Donald Trump is currently facing 34 charges of tax and accounting fraud in a New York trial. It is the first time that an American president has faced criminal charges. The United States now joins a number of democratic countries where the chief executive has been put on trial. In some of these countries—South Korea, Peru, Malaysia, Brazil—the leader has ended up in prison.
The latest charges against Trump might seem rather trivial. Most of the headlines, after all, have focused on the money that Trump paid to a porn star to keep her quiet about the brief affair that they had.
But the focus of the inquiry is both more mundane and potentially more damaging for Trump. It all comes down to how Trump and his colleagues accounted for the various payments made to the porn star and others to keep them quiet. The Manhattan District Attorney is arguing that a felony occurred when the Trump campaign attempted to claim those expenses as a campaign expenditure.
Trump clearly made the payments. It seems as though he committed fraud in accounting for these expenses. Whether this fraud rises to the level of a felony—by breaking federal campaign finance laws—remains to be seen in the trial. But we’re going to have to wait a long time for that trial. The next in-person hearing won’t happen until December 4.
In the meantime, Trump may soon face charges in another state. A county in Georgia may issue an indictment against Trump for trying to persuade officials in the state to overturn the 2020 election results.
Then there are the charges that Trump faces at a federal level.
Back in December, the January 6 select committee accused the former president of four crimes, which included aiding the mob that eventually ransacked Congress, obstructing the joint session of Congress on January 6, and conspiring to defraud the United States. It is up to the Justice Department to prosecute those crimes along with another inquiry into whether Trump obstructed justice and made false statements regarding classified documents that he retained after leaving office.
In both cases, a special prosecutor is overseeing the inquiry, which also includes investigations into wire fraud and money laundering connected to Trump’s efforts to raise funds after the 2020 election to pursue his demonstrably false claims that the election was stolen.
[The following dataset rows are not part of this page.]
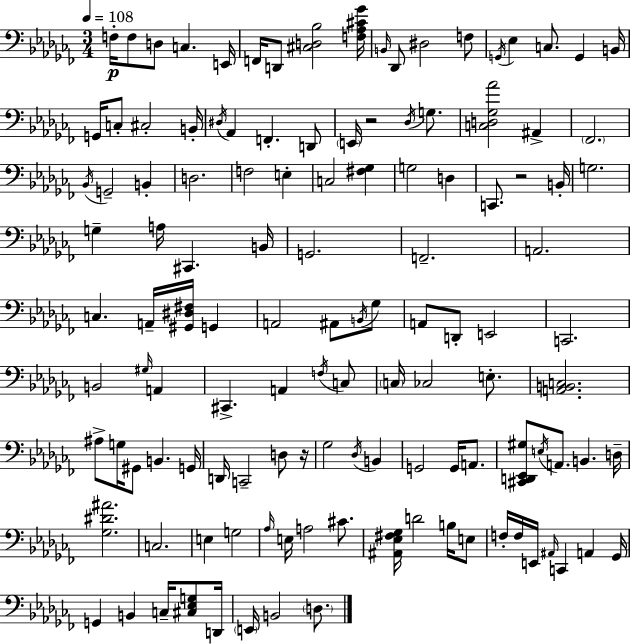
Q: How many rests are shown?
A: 3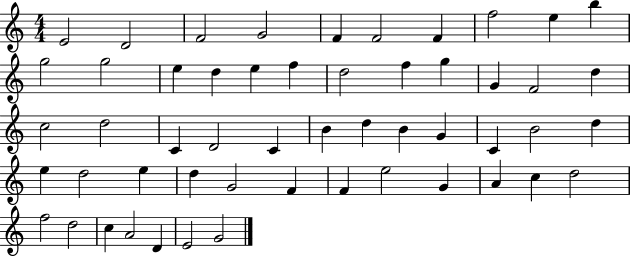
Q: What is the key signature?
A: C major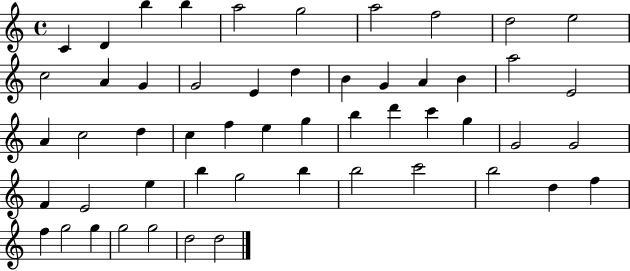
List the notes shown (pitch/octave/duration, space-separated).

C4/q D4/q B5/q B5/q A5/h G5/h A5/h F5/h D5/h E5/h C5/h A4/q G4/q G4/h E4/q D5/q B4/q G4/q A4/q B4/q A5/h E4/h A4/q C5/h D5/q C5/q F5/q E5/q G5/q B5/q D6/q C6/q G5/q G4/h G4/h F4/q E4/h E5/q B5/q G5/h B5/q B5/h C6/h B5/h D5/q F5/q F5/q G5/h G5/q G5/h G5/h D5/h D5/h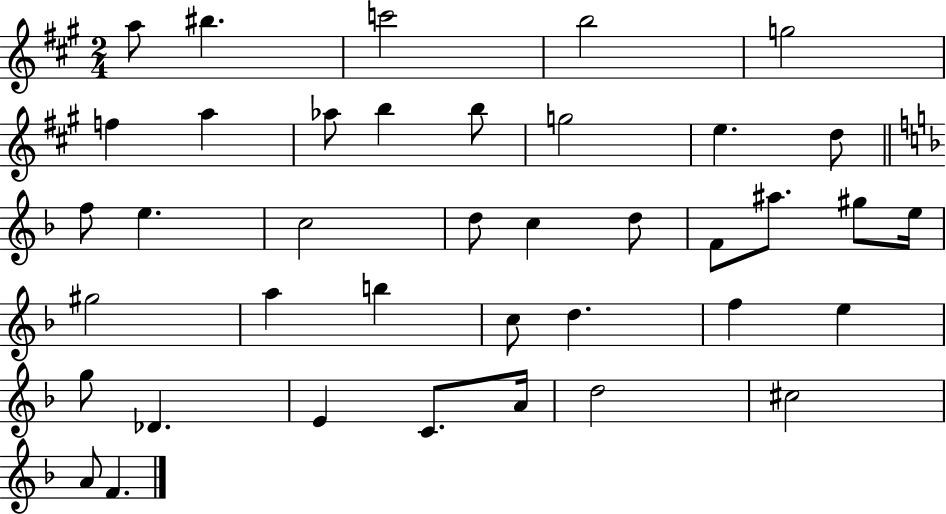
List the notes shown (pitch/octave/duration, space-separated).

For a political figure who has lied, cheated, and bullied his way to power, it would be a fitting end to Trump’s career if he were jailed because of his lies and malfeasance. It would also be poetic justice given that Trump supporters propelled their candidate into office by falsely accusing his opponent, Hillary Clinton, of breaking the law and chanting “Lock her up!” at rallies back in 2016.
But although these investigations are serious, Trump’s political career is not over yet.
After all, he remains the leading contender for the Republican Party nomination for the 2024 presidential election. Last month, Trump led his closest rival, Florida Governor Ron DeSantis, by 8 points. Now, after the indictment in New York, Trump leads by more than 25 points.
The vast majority of Republican Party faithful (79 percent) consider themselves part of Trump’s MAGA—Make America Great Again—movement. That’s no surprise. Many Republicans who oppose Trump have simply left the party. But that doesn’t mean that the party is in trouble. Over a million voters switched to the Republican Party in the run-up to the mid-term elections last November, which helped the Republicans take over the House of Representatives. But that crossover didn’t necessarily help Trump-endorsed candidates, many of whom lost in the races that were close.
Trump’s odds have even been improving in a head-to-head contest with Joe Biden for the presidency. Public opinion has recently been trending upward, with Trump coming out on top by 2 percent in a YouGov/Economist poll.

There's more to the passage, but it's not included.